Work to be completed
Repeat the records exactly, with one exception: no images.

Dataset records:
__________________________________________________
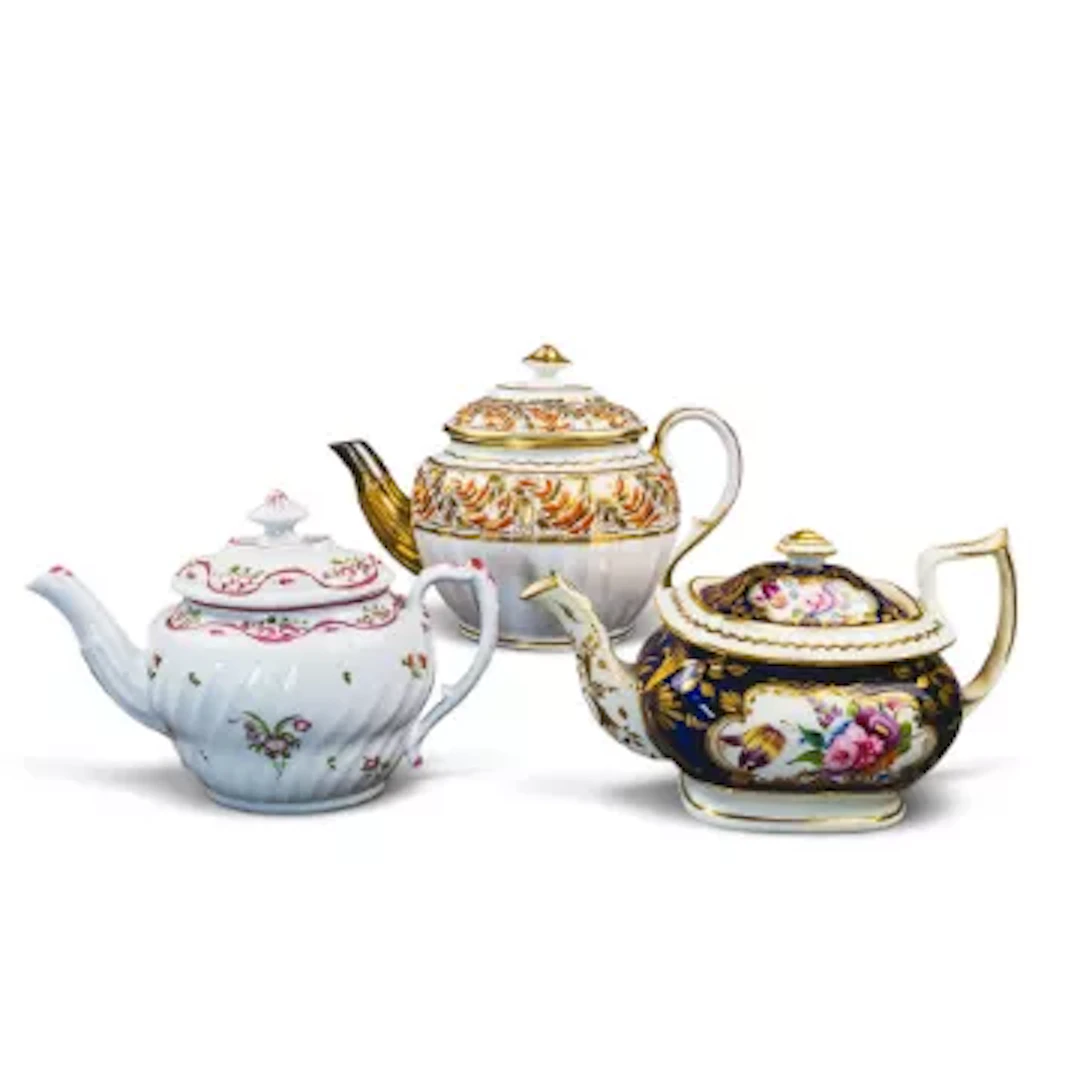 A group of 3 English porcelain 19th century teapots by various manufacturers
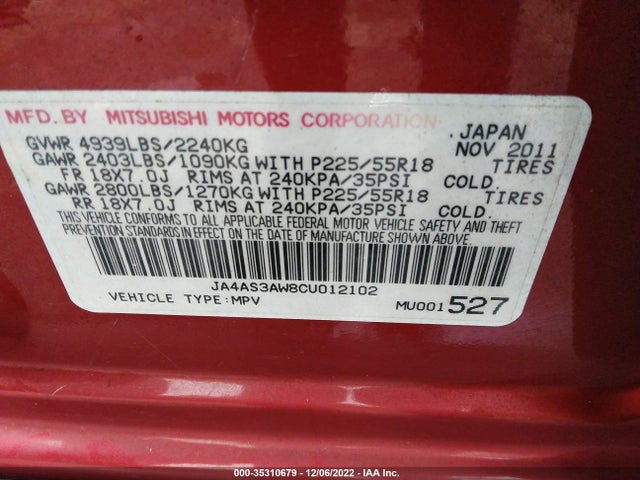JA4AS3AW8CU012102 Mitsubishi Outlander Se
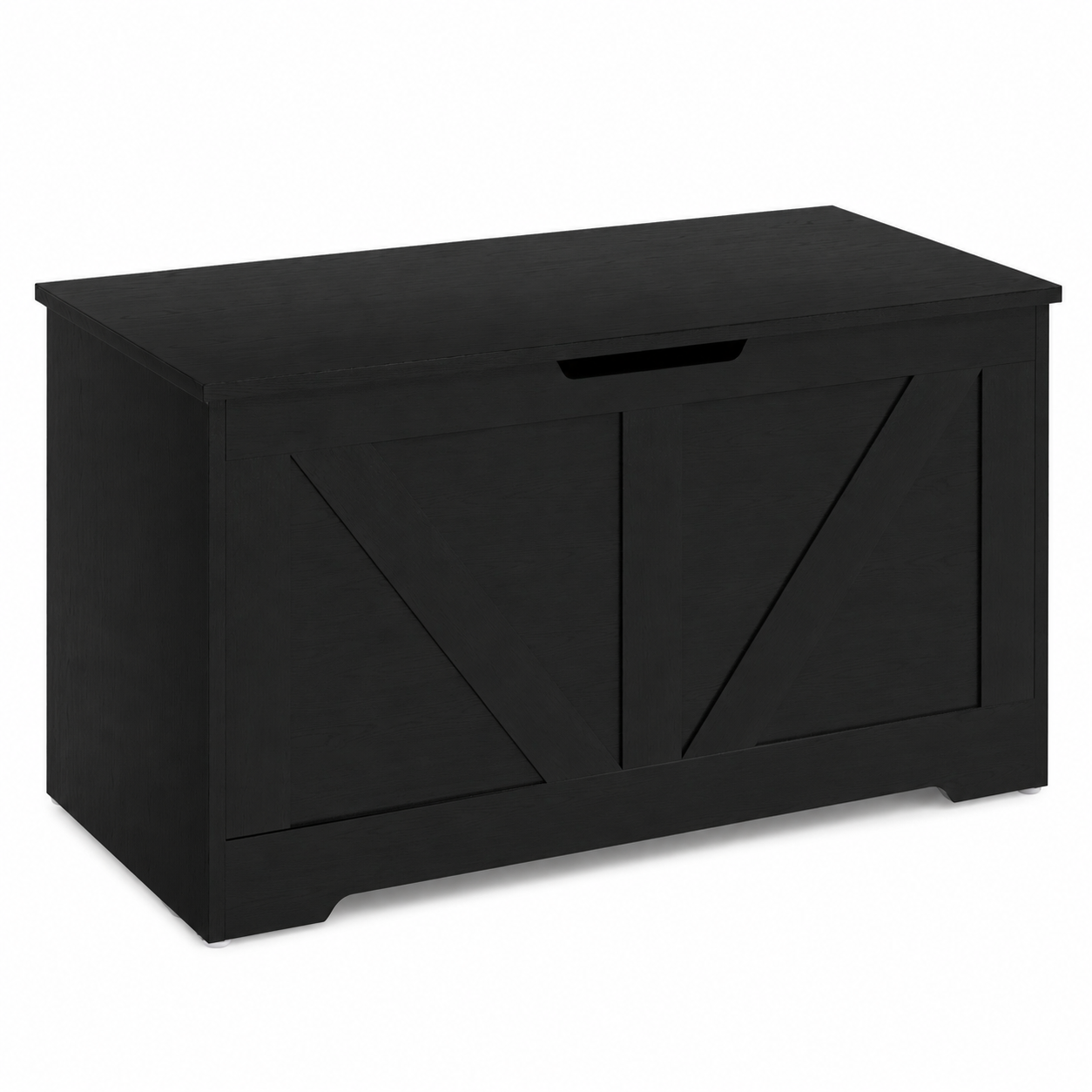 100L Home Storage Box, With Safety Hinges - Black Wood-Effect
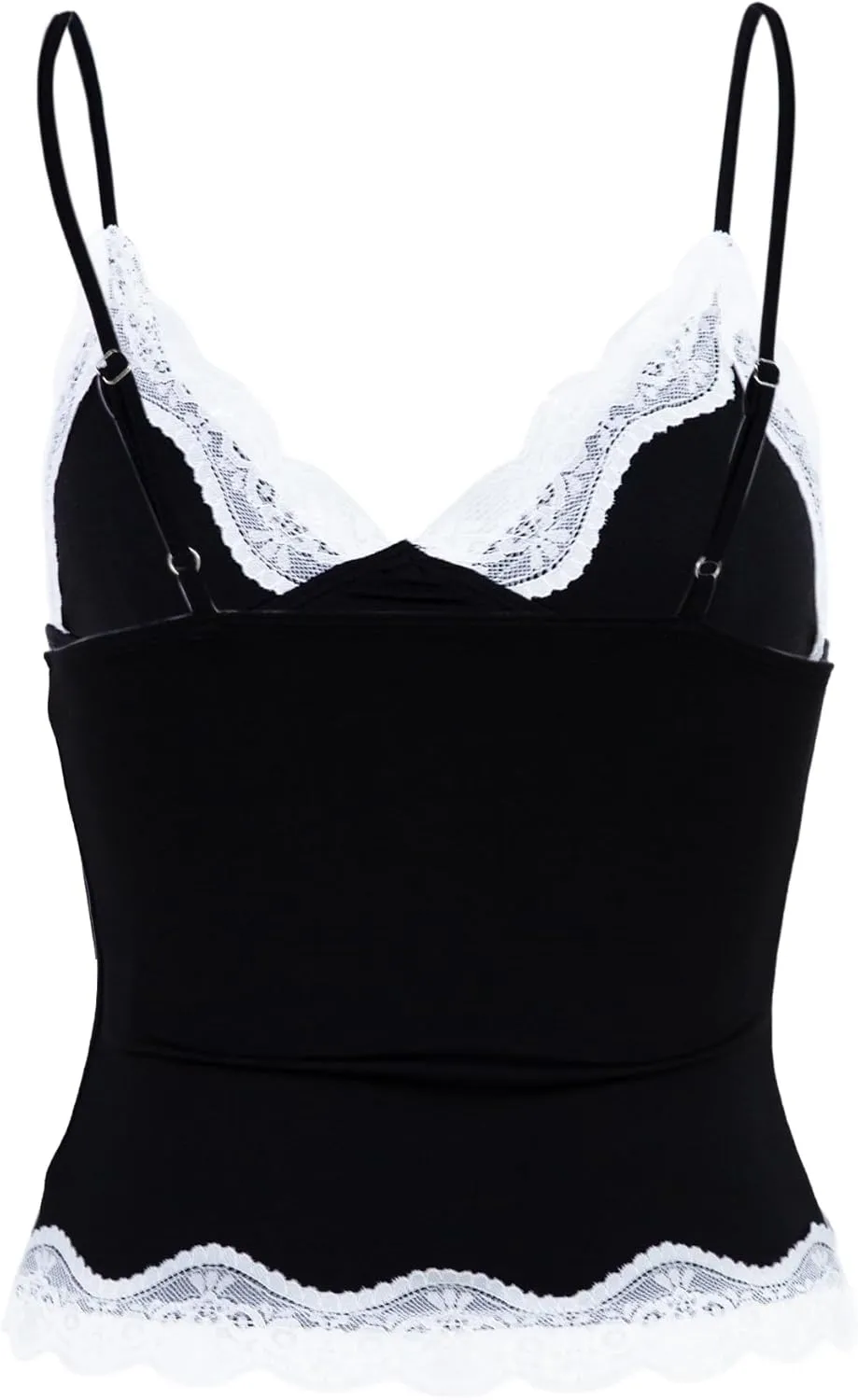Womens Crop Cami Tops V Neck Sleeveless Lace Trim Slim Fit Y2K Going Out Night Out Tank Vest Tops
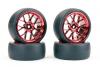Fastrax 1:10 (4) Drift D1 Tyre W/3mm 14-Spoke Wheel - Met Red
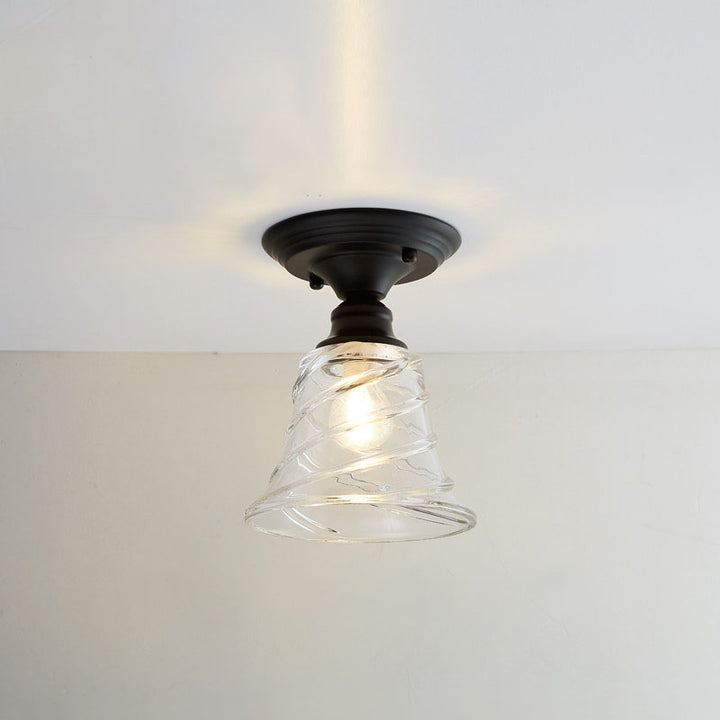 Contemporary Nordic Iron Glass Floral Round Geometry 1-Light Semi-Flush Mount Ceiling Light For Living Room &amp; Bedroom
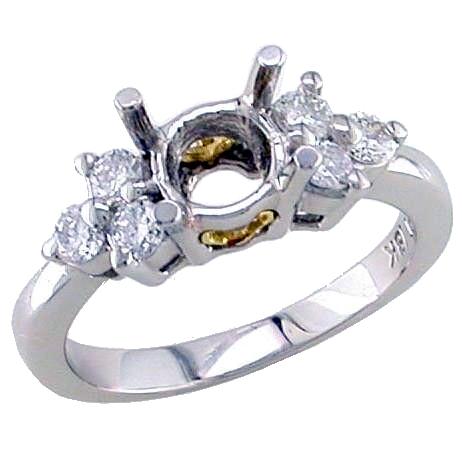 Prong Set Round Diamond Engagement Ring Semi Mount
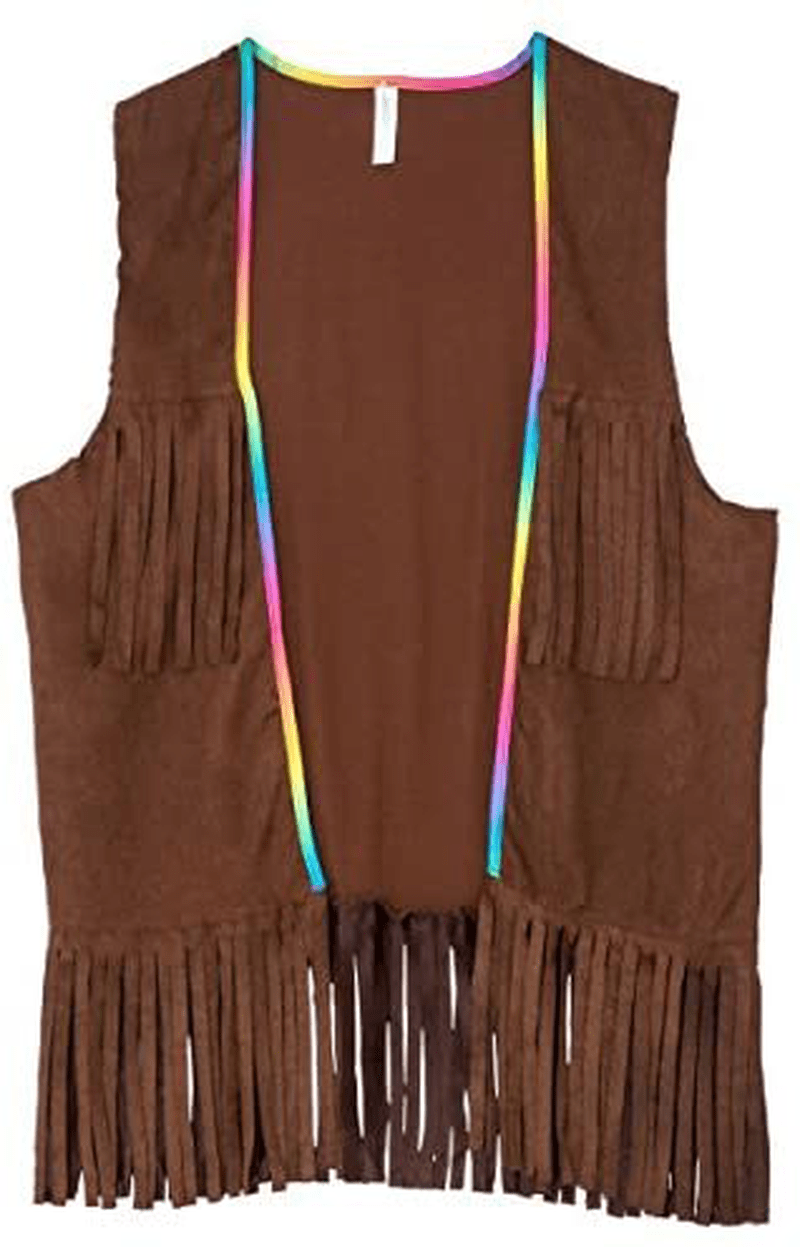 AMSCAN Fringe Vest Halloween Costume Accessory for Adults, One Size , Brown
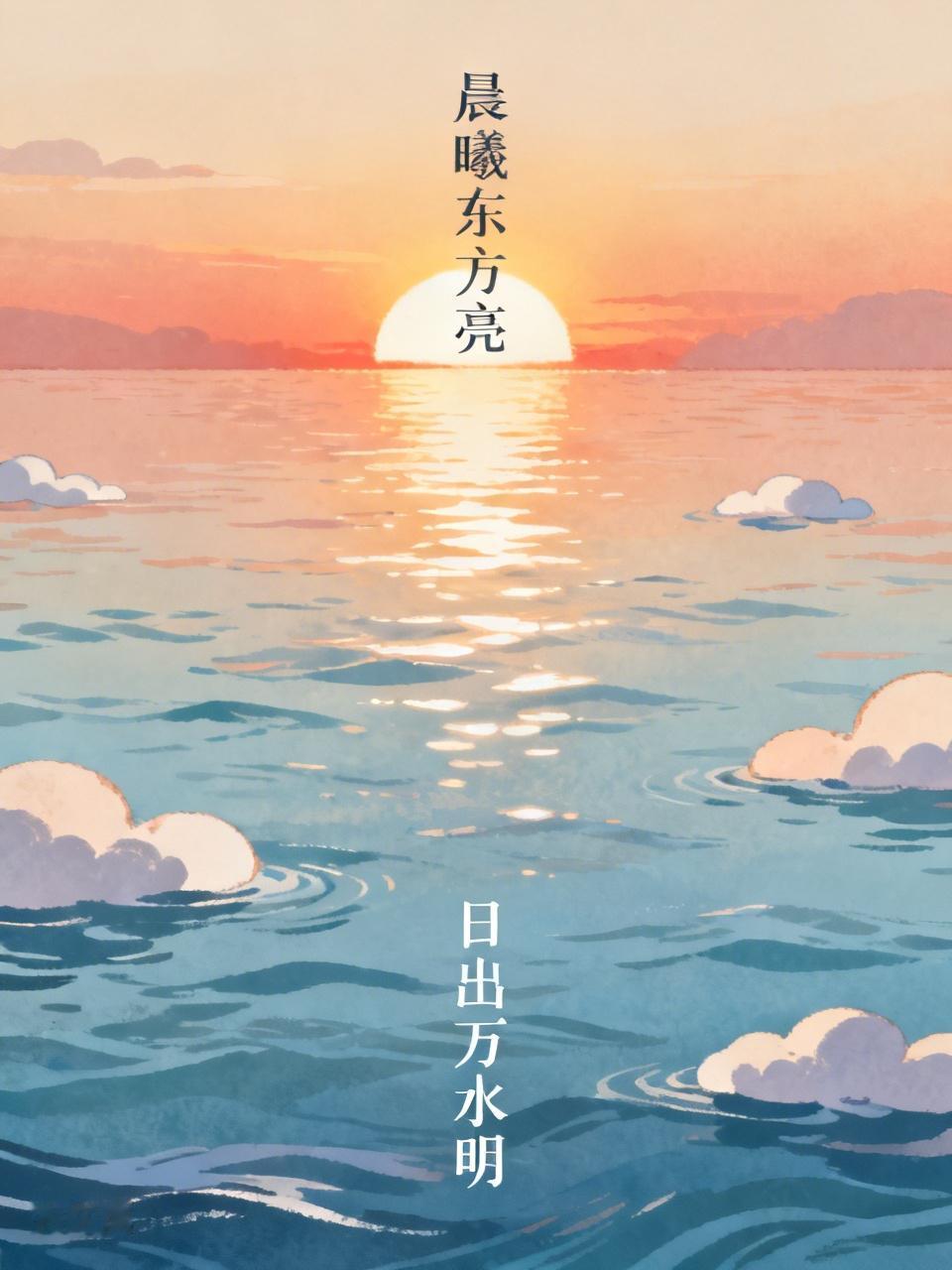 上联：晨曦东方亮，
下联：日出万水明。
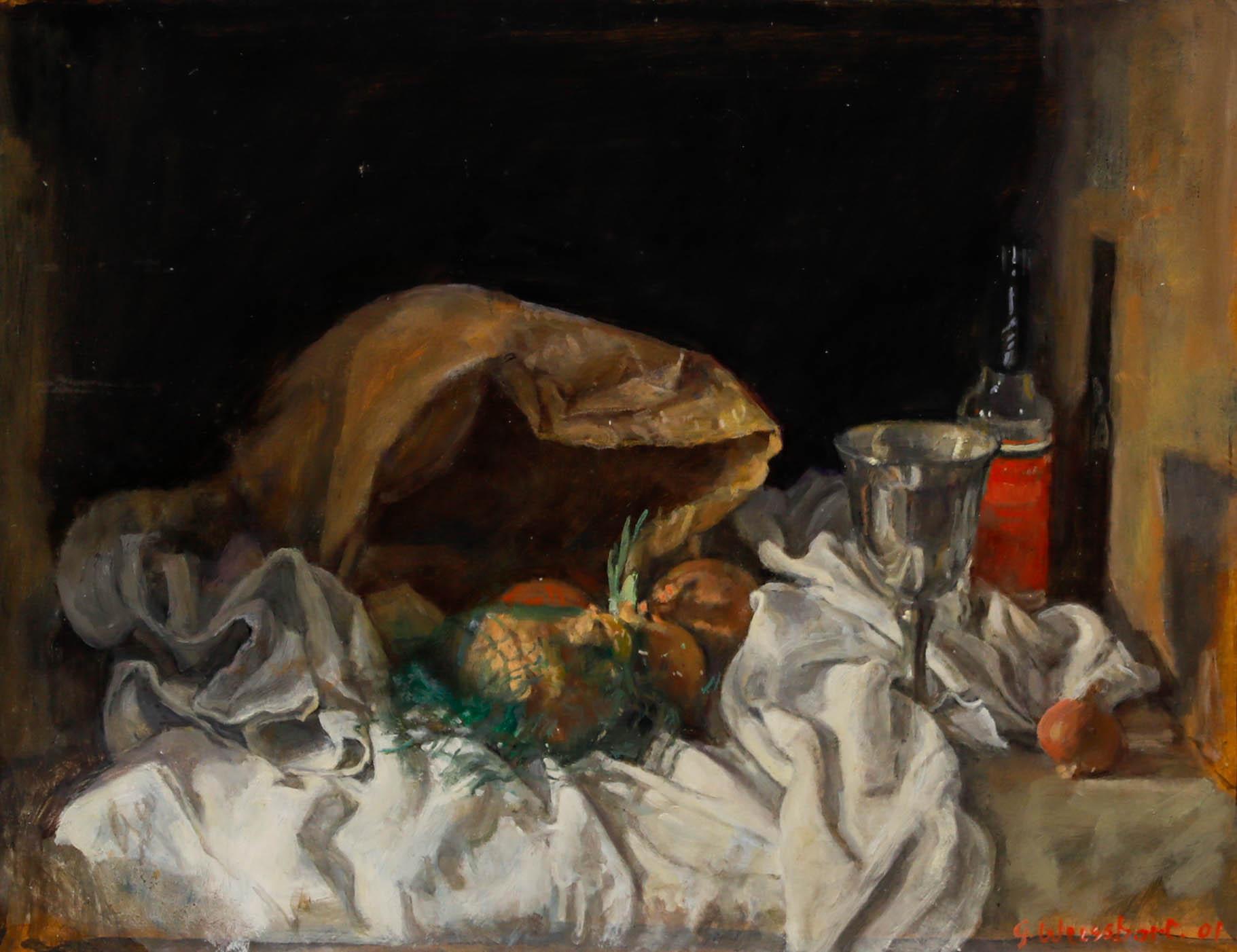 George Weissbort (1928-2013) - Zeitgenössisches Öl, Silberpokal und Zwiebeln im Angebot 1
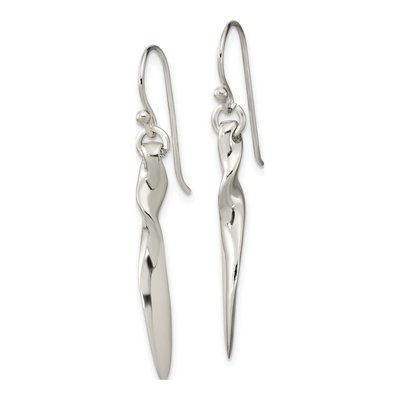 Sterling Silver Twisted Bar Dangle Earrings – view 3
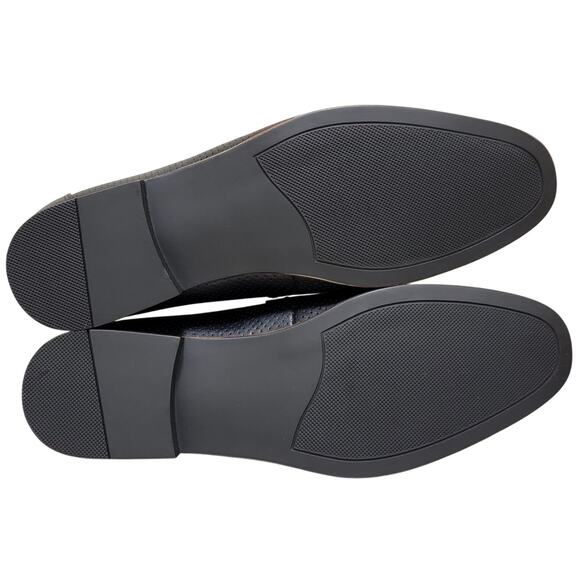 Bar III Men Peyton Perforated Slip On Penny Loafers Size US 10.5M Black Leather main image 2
__________________________________________________
Response to this exercise
 A group of 3 English porcelain 19th century teapots by various manufacturers
JA4AS3AW8CU012102 Mitsubishi Outlander Se
 100L Home Storage Box, With Safety Hinges - Black Wood-Effect
Womens Crop Cami Tops V Neck Sleeveless Lace Trim Slim Fit Y2K Going Out Night Out Tank Vest Tops
Fastrax 1:10 (4) Drift D1 Tyre W/3mm 14-Spoke Wheel - Met Red
 Contemporary Nordic Iron Glass Floral Round Geometry 1-Light Semi-Flush Mount Ceiling Light For Living Room &amp; Bedroom
 Prong Set Round Diamond Engagement Ring Semi Mount
 AMSCAN Fringe Vest Halloween Costume Accessory for Adults, One Size , Brown
 上联：晨曦东方亮，
下联：日出万水明。
 George Weissbort (1928-2013) - Zeitgenössisches Öl, Silberpokal und Zwiebeln im Angebot 1
 Sterling Silver Twisted Bar Dangle Earrings – view 3
 Bar III Men Peyton Perforated Slip On Penny Loafers Size US 10.5M Black Leather main image 2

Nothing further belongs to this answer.